Tall men are used to being more visible; perhaps that made Kuhn's adjustment to becoming a public figure easier. "Being commissioner is a caldron activity," he says, "but I was a trial lawyer, I was used to the public, to a courtroom, to pressure. I knew I was going to get a lot of heat. I'd be a damned fool if I'd taken the job without expecting that. But commissioners hold the most prestigious offices in sport, and we are certainly well remunerated for our services.
"I'd worked with baseball for a long time, too. See that picture, that man back there? His name is Lou Carroll. When I got out of law school in 1950, I was considering going with several firms, but I went with his because it represented the National League. Why? Because I was nuts about baseball, that's why. I got my first baseball assignment after a couple of months and thereafter did a fair amount of baseball work annually. I think you need someone involved in the game for this job. I knew how the sport worked. But more important, I knew the people. You must know the people.
"The people in baseball are more traditional. I don't mean just the owners, I mean the fans, everybody. The operators merely reflect the conservative nature of the fans, their conservative side. You can change rules drastically in football and basketball and hardly get a ripple. In baseball, change a rule and, well, you'll get a lot more than a ripple.
"The powers of the commissioner himself are very little changed from the times of Landis. The change is in the times, in the laws. Two areas are especially different. There is an outside arbitrator now to deal with players' complaints. That is a beneficial change, very healthy. But then, the present-day commissioner has more responsibilities than the Judge in matters outside the teams and the players—with broadcasting, for example.
"The Judge was superb for pre-war days, but his style wouldn't be practical now. And you must take the Judge by parts. He didn't necessarily rule all phases with dictatorial power. In matters of discipline, yes, he was an autocrat. He had no concern with fair play, with due process. But out of the area of discipline, he was in the same boat as the rest of us. There were a lot of things he wanted, like some farm-club legislation, that he had a terribly hard time getting.
"When I was offered the job—yeah, I had been felt out earlier, not officially. Then later we were all meeting in Miami Beach, and they sent a committee to see me and said they were satisfied the votes were there—would I take the job if it were offered? I asked them to give me some time to make up my mind and thought about it for an hour or so. Well, it meant giving up the practice of law, and the fact that it was only a one-year term, not seven, that was also what you would call a negative consideration.

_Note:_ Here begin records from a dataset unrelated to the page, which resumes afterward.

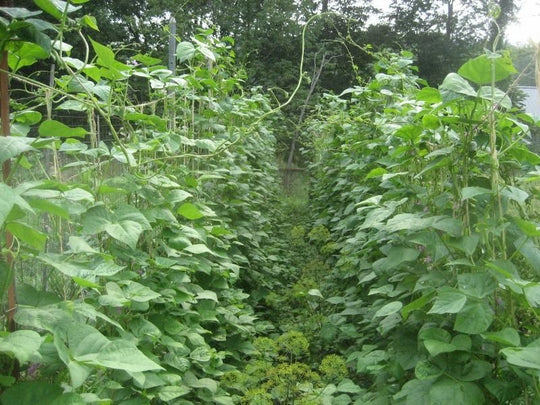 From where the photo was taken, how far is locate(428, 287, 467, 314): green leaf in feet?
4.78

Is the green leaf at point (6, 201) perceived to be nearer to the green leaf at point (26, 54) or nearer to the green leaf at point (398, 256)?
the green leaf at point (26, 54)

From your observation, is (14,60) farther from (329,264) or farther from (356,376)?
(329,264)

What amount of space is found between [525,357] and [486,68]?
81cm

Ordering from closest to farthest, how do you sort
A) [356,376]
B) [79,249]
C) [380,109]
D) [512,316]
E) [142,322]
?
1. [79,249]
2. [512,316]
3. [142,322]
4. [356,376]
5. [380,109]

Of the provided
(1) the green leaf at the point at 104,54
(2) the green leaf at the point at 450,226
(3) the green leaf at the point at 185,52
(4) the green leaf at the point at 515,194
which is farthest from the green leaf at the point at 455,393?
(3) the green leaf at the point at 185,52

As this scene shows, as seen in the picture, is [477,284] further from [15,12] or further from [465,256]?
[15,12]

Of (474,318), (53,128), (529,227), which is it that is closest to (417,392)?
(474,318)

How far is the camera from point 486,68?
1623 millimetres

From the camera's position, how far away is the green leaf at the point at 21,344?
0.89 metres

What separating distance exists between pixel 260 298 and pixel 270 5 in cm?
1280

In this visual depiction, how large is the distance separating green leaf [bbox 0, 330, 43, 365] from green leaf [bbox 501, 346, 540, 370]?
97 centimetres

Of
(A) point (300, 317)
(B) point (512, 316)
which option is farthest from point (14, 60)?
(A) point (300, 317)

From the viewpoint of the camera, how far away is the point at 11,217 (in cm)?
99

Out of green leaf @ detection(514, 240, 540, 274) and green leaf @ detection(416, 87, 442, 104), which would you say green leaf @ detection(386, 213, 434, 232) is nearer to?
green leaf @ detection(514, 240, 540, 274) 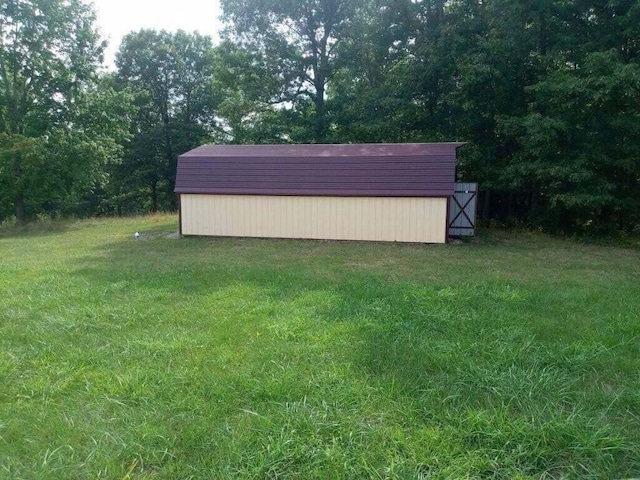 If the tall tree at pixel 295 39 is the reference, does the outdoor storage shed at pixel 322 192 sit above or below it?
below

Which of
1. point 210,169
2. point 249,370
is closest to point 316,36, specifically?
point 210,169

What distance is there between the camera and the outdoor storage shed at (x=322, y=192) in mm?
12016

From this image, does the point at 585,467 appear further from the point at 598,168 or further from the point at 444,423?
the point at 598,168

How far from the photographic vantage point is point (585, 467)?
2.29 meters

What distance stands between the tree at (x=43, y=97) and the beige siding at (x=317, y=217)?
8301 millimetres

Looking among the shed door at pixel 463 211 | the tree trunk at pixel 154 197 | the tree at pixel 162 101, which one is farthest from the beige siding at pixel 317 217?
the tree trunk at pixel 154 197

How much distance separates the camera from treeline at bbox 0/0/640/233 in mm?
13172

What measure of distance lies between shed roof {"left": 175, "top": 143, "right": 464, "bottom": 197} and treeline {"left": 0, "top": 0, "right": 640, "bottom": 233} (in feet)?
11.4

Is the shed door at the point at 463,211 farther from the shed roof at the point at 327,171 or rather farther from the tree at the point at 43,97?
the tree at the point at 43,97

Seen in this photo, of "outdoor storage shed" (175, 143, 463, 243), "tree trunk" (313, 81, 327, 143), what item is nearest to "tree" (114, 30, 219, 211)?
"tree trunk" (313, 81, 327, 143)

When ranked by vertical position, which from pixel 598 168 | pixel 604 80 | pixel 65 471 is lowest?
pixel 65 471

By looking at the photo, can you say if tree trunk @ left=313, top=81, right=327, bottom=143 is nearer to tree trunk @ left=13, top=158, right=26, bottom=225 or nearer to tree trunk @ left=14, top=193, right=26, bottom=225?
tree trunk @ left=13, top=158, right=26, bottom=225

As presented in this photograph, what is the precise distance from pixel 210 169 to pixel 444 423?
474 inches

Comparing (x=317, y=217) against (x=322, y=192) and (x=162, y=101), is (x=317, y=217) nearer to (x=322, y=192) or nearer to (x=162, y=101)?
(x=322, y=192) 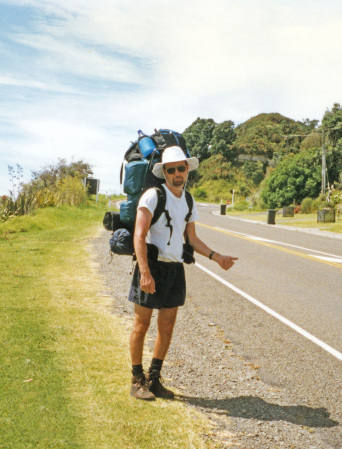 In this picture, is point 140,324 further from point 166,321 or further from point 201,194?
point 201,194

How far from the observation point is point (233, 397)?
184 inches

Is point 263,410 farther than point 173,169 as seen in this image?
Yes

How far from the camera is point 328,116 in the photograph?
5750cm

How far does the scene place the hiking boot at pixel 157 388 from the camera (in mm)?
4547

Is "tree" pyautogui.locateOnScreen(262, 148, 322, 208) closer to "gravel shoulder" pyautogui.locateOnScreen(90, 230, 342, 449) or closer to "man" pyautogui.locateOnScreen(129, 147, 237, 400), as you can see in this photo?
"gravel shoulder" pyautogui.locateOnScreen(90, 230, 342, 449)

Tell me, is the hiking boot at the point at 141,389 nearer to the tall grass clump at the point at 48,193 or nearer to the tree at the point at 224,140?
the tall grass clump at the point at 48,193

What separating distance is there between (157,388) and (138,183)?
1.80 metres

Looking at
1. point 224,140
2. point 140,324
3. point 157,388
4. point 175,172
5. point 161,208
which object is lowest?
point 157,388

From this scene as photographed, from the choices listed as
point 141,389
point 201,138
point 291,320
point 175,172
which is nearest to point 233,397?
point 141,389

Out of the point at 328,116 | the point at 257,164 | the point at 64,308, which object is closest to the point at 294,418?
the point at 64,308

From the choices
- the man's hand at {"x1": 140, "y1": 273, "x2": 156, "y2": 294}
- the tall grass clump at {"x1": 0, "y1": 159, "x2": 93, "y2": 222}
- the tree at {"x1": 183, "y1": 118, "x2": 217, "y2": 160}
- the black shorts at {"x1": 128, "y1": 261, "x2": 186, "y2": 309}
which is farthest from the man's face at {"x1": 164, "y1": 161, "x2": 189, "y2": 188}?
the tree at {"x1": 183, "y1": 118, "x2": 217, "y2": 160}

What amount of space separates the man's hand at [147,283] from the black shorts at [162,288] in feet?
0.35

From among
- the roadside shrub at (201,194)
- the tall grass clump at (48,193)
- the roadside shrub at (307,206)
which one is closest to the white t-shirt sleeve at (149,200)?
the tall grass clump at (48,193)

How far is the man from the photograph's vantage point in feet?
13.8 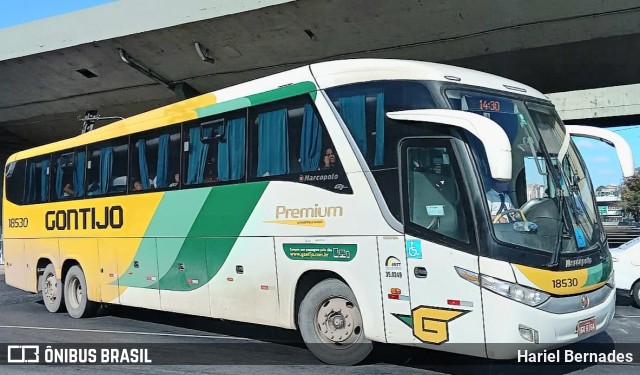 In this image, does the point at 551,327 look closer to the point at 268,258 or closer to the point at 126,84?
the point at 268,258

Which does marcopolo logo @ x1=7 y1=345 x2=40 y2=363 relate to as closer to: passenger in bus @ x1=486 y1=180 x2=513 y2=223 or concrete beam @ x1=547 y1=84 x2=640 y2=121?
passenger in bus @ x1=486 y1=180 x2=513 y2=223

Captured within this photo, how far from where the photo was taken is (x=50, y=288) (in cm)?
1262

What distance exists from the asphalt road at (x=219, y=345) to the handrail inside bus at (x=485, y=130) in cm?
273

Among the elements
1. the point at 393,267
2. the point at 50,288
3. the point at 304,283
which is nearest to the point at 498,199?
the point at 393,267

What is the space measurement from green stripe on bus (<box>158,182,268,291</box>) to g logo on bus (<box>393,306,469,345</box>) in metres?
2.73

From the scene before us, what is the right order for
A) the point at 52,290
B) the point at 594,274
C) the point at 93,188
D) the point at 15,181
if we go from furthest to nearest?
the point at 15,181
the point at 52,290
the point at 93,188
the point at 594,274

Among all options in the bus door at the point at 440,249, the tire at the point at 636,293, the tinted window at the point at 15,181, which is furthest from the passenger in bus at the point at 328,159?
the tinted window at the point at 15,181

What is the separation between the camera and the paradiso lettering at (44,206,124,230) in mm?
10555

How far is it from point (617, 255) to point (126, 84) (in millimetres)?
16926

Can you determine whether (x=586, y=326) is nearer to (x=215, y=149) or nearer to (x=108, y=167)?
(x=215, y=149)

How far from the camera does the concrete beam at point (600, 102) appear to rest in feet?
70.8

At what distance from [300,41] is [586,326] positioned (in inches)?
490

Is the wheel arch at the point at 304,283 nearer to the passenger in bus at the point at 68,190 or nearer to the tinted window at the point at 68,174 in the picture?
the tinted window at the point at 68,174

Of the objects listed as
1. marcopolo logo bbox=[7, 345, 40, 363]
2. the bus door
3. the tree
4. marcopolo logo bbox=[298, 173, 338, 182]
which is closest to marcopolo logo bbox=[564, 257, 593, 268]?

"The job hasn't worn me down any more than if I was a lawyer. I certainly don't think it has changed me. Well, the kids have had to get used to other kids saying, why did your dad do this or that. We've got two still at home, 13 and 14, and two are in college. I have to work my job around them. I don't take a vacation as such. I take the whole family down to Florida each spring during school vacations. And I arrange my travel schedule to be home the maximum. For instance, if I have to go to Houston, I'll go out in the morning, have a meeting in the middle of the day and be back for dinner at home. Even if I have to go to the Coast, I'll go out late the night before and come back on the red-eye special so I can have breakfast with my family.
"Then we have a home on the Long Island beach, and I try to get a lot of weekends out there. I play a little tennis, shoot some golf. Oh, I'm terrible: a hundred or more. Yes, I am a rabid gardener—flowers and vegetables. We have a garden at home and a garden at the seashore, and I'm the gardener. And that's a lovely time to contemplate.